## Work order
Transcribe each record exactly, but omit pictures.
*** Opening Raw data ***
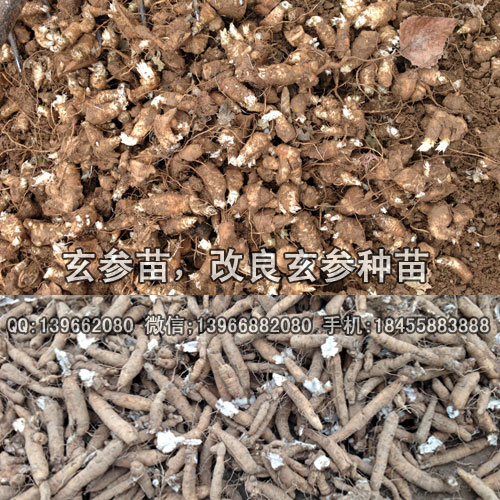 亳州市玄參種苗批發(fā)廠家,供應(yīng)改良玄參苗價(jià)格,玄參種植基地產(chǎn)地報(bào)價(jià)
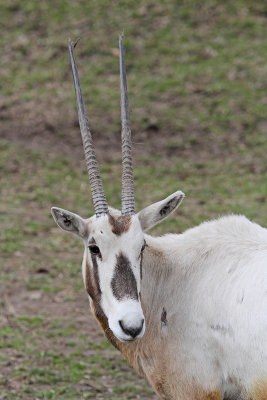 ArAbian oryx Oryx leucoryx arabski oriks_MG_2358-111.jpg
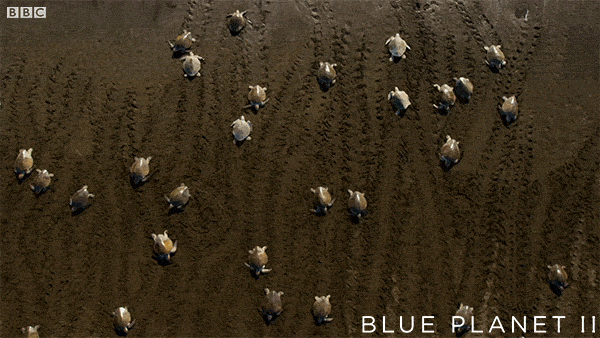 bbc one oceans GIF by BBC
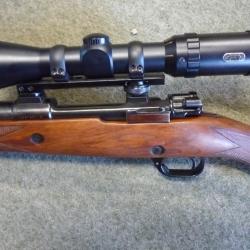 CARABINE en 375 mag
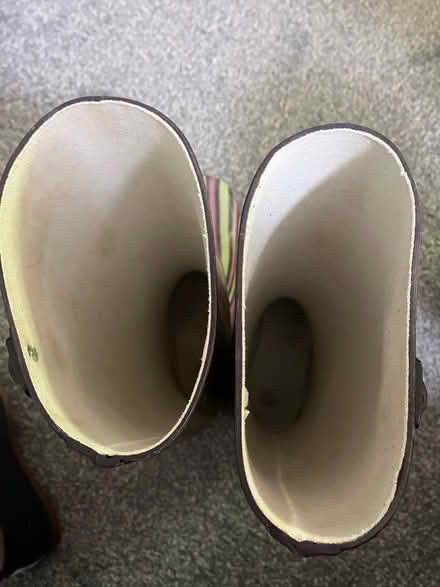 Photo of free Ladies Wellies (Moodiesburn) #3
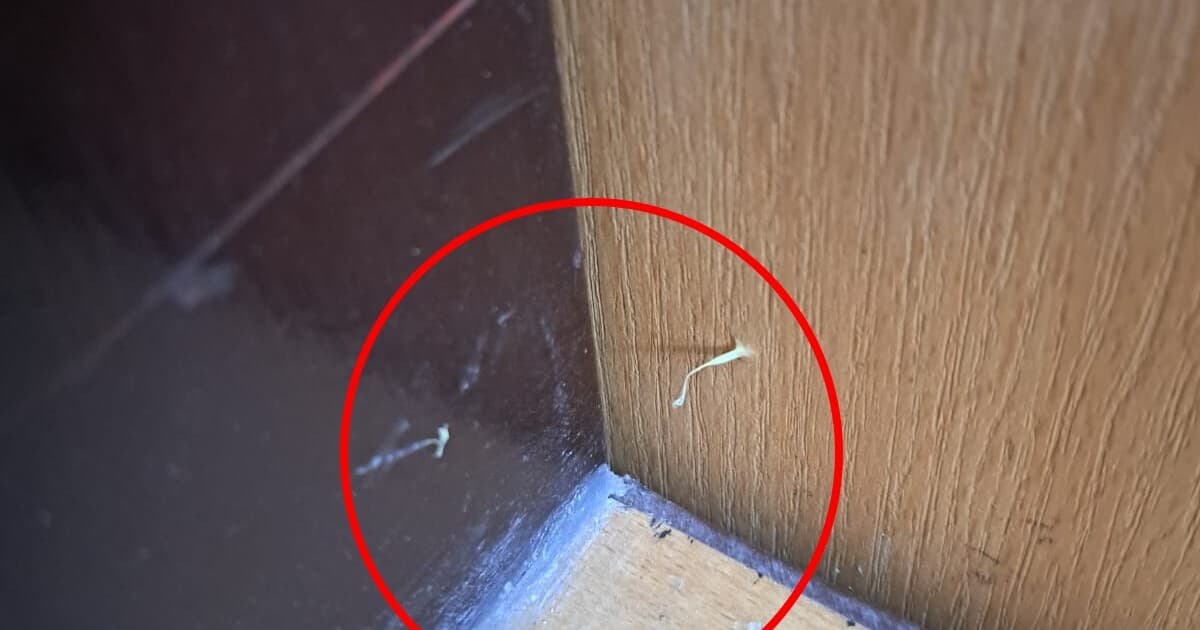 Podozrivé symboly na dverách vyvolávajú obavy v Nitre a okolí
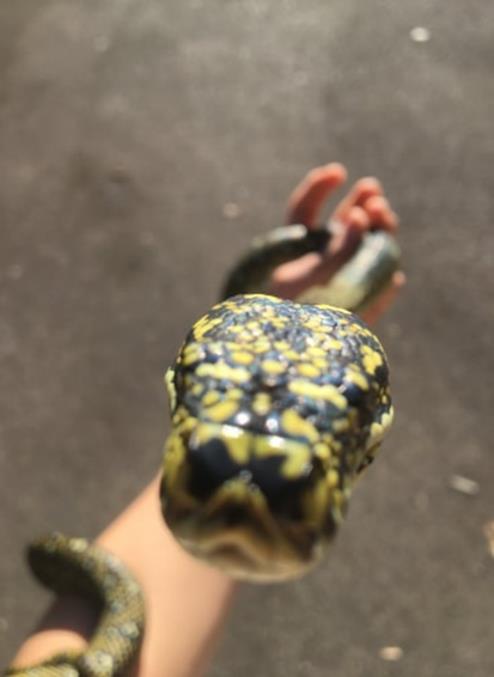 man holding a snake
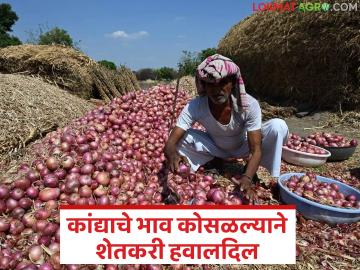 कांद्याचे भाव कोसळल्याने उत्पादक झाले हवालदिल; अनुदान जाहीर करण्याची शेतकऱ्यांची मागणी - Marathi News | Producers are worried as onion prices fall; Farmers demand subsidy | Latest News at Lokmat.com कांद्याचे भाव कोसळल्याने उत्पादक झाले हवालदिल; अनुदान जाहीर करण्याची शेतकऱ्यांची मागणी - Marathi News | Producers are worried as onion prices fall; Farmers demand subsidy | Latest News at Lokmat.com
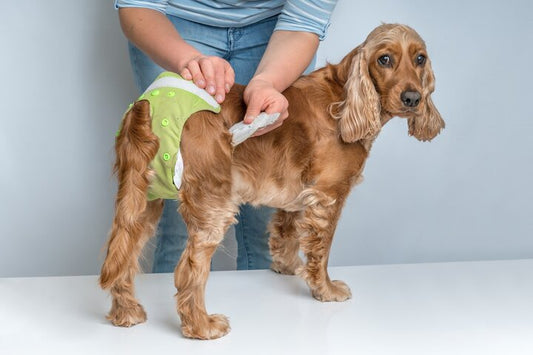 My Dog Has Sprung a Leak!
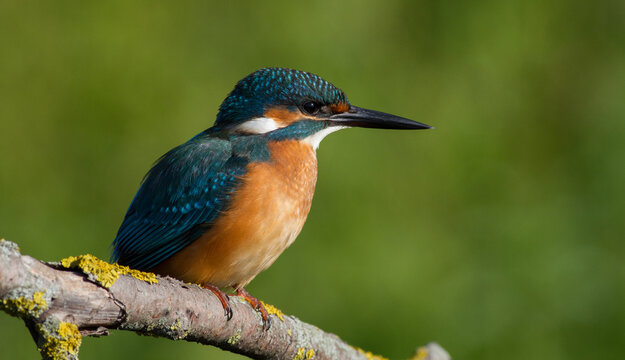 Сommon kingfisher, Alcedo atthis. Sunny day, a young bird sitting by the river on a beautiful branch, peering into the water, waiting for a fish. © Юрій Балагула
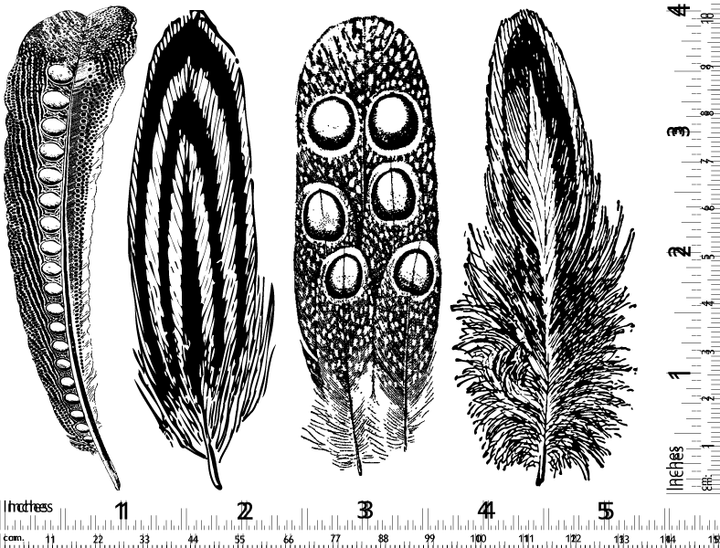 Décalcomanies Grande Plume n°2 - Verrerie - Émail
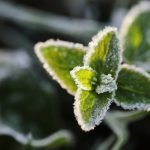 Comment choisir une voile de protection contre le gel pour ses plantes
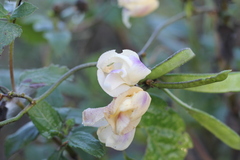 Leptospron adenanthum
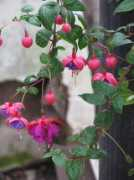 Fushia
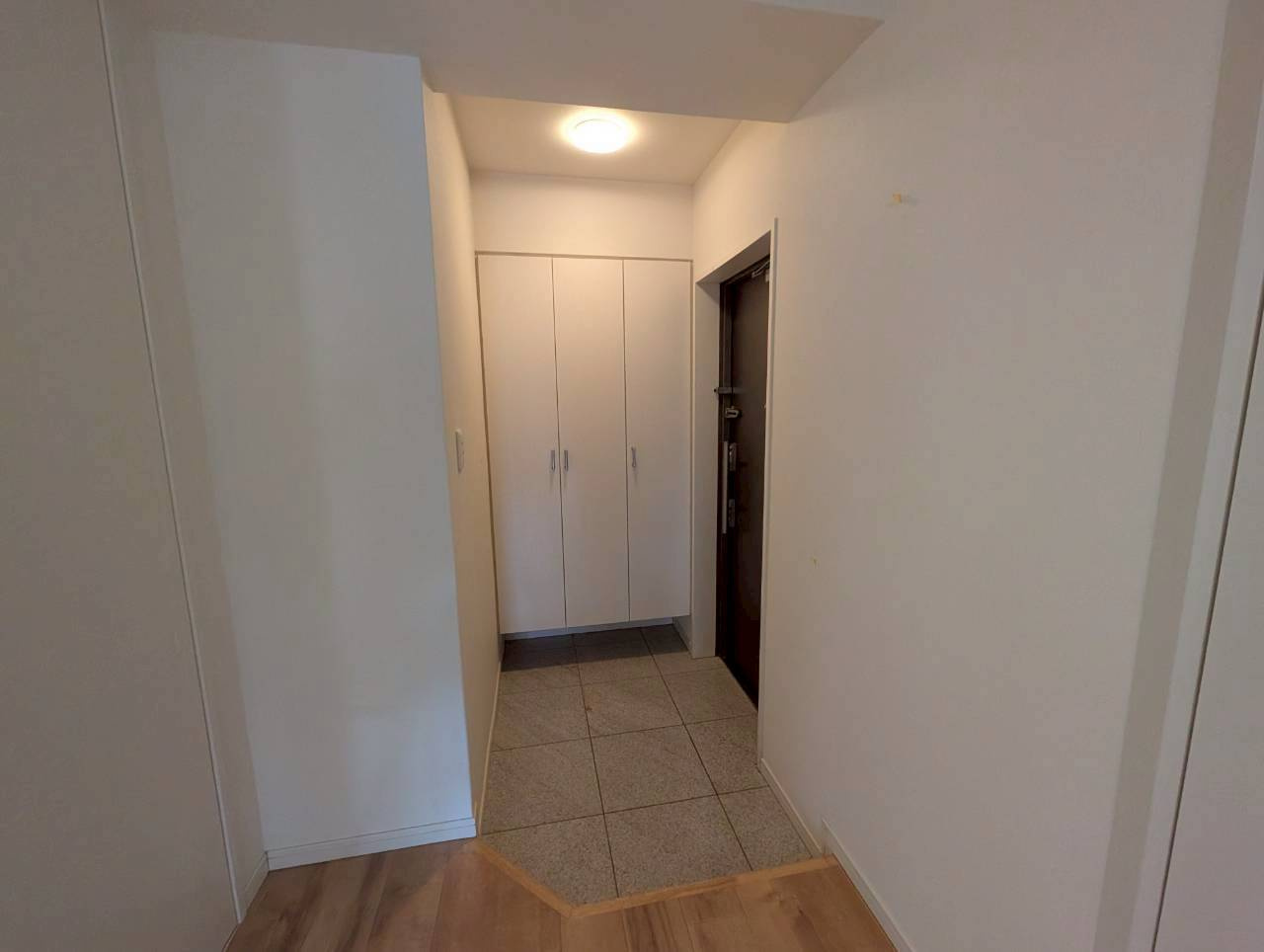 豊中市向丘２丁目の賃貸マンションの玄関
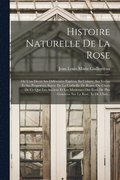 Histoire Naturelle De La Rose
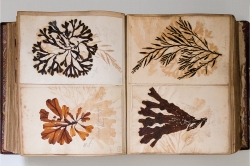 Jacqueline SALMON (1943), Alguier anonyme du XIXe siècle, Muséum d'histoire Naturelle de Toulon, 2016, épreuve pigmentaire, 40 x 60 cm. © Jacqueline Salmon Jacqueline SALMON (1943), Alguier anonyme du XIXe siècle, Muséum d'histoire Naturelle de Toulon, 2016, épreuve pigmentaire, 40 x 60 cm. © Jacqueline Salmon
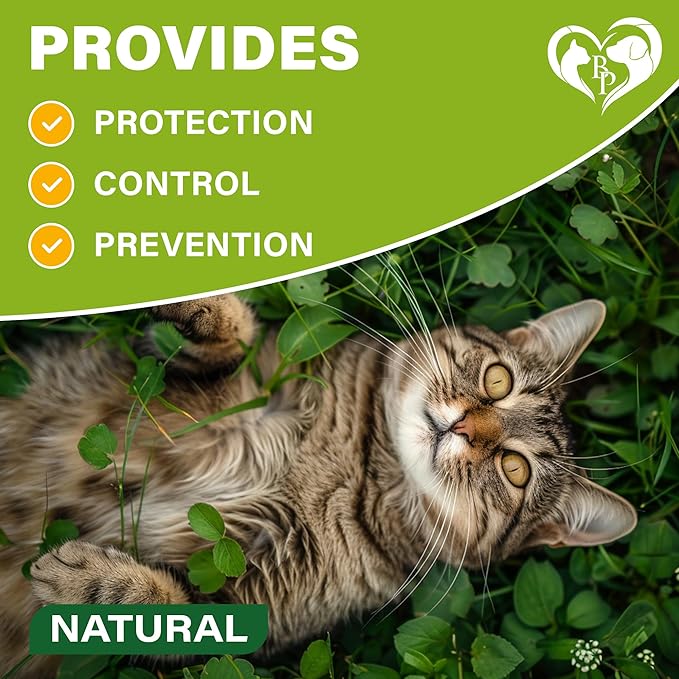 Natural Flea & Tick Collar for Cats - 12 Months Control of Best Prevention & Safe Treatment - Anti Fleas and Ticks Essential Oil Repellent (1 pack)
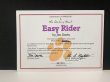 画像7: ガーフィールド オーディー ヴィンテージ Danbury Mint ダンバリーミント 1993s [Easy Rider] シリアルナンバーカード付 フィギュア 置物 USA GARFIELD (7)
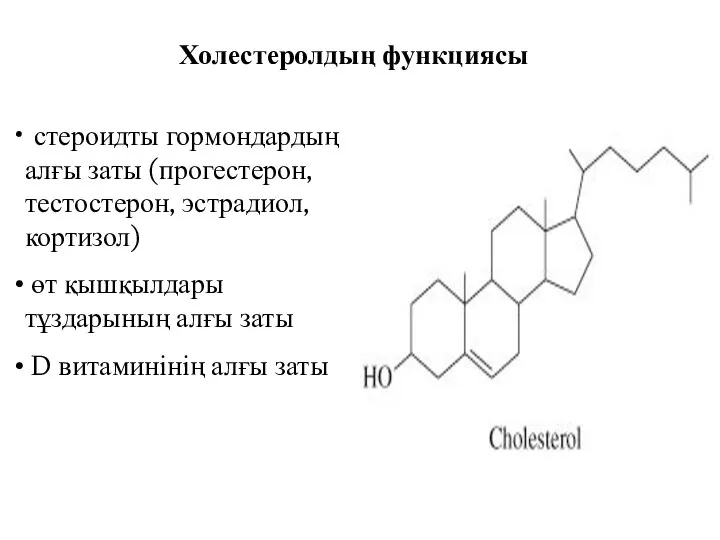 Холестеролдың функциясы стероидты гормондардың алғы заты (прогестерон, тестостерон, эстрадиол, кортизол) өт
*** Closing Raw data ***
## Response
 亳州市玄參種苗批發(fā)廠家,供應(yīng)改良玄參苗價(jià)格,玄參種植基地產(chǎn)地報(bào)價(jià)
 ArAbian oryx Oryx leucoryx arabski oriks_MG_2358-111.jpg
 bbc one oceans GIF by BBC
 CARABINE en 375 mag
 Photo of free Ladies Wellies (Moodiesburn) #3
 Podozrivé symboly na dverách vyvolávajú obavy v Nitre a okolí
 man holding a snake
 कांद्याचे भाव कोसळल्याने उत्पादक झाले हवालदिल; अनुदान जाहीर करण्याची शेतकऱ्यांची मागणी - Marathi News | Producers are worried as onion prices fall; Farmers demand subsidy | Latest News at Lokmat.com कांद्याचे भाव कोसळल्याने उत्पादक झाले हवालदिल; अनुदान जाहीर करण्याची शेतकऱ्यांची मागणी - Marathi News | Producers are worried as onion prices fall; Farmers demand subsidy | Latest News at Lokmat.com
 My Dog Has Sprung a Leak!
 Сommon kingfisher, Alcedo atthis. Sunny day, a young bird sitting by the river on a beautiful branch, peering into the water, waiting for a fish. © Юрій Балагула
 Décalcomanies Grande Plume n°2 - Verrerie - Émail
 Comment choisir une voile de protection contre le gel pour ses plantes
 Leptospron adenanthum
 Fushia
 豊中市向丘２丁目の賃貸マンションの玄関
 Histoire Naturelle De La Rose
 Jacqueline SALMON (1943), Alguier anonyme du XIXe siècle, Muséum d'histoire Naturelle de Toulon, 2016, épreuve pigmentaire, 40 x 60 cm. © Jacqueline Salmon Jacqueline SALMON (1943), Alguier anonyme du XIXe siècle, Muséum d'histoire Naturelle de Toulon, 2016, épreuve pigmentaire, 40 x 60 cm. © Jacqueline Salmon
 Natural Flea & Tick Collar for Cats - 12 Months Control of Best Prevention & Safe Treatment - Anti Fleas and Ticks Essential Oil Repellent (1 pack)
 画像7: ガーフィールド オーディー ヴィンテージ Danbury Mint ダンバリーミント 1993s [Easy Rider] シリアルナンバーカード付 フィギュア 置物 USA GARFIELD (7)
 Холестеролдың функциясы стероидты гормондардың алғы заты (прогестерон, тестостерон, эстрадиол, кортизол) өт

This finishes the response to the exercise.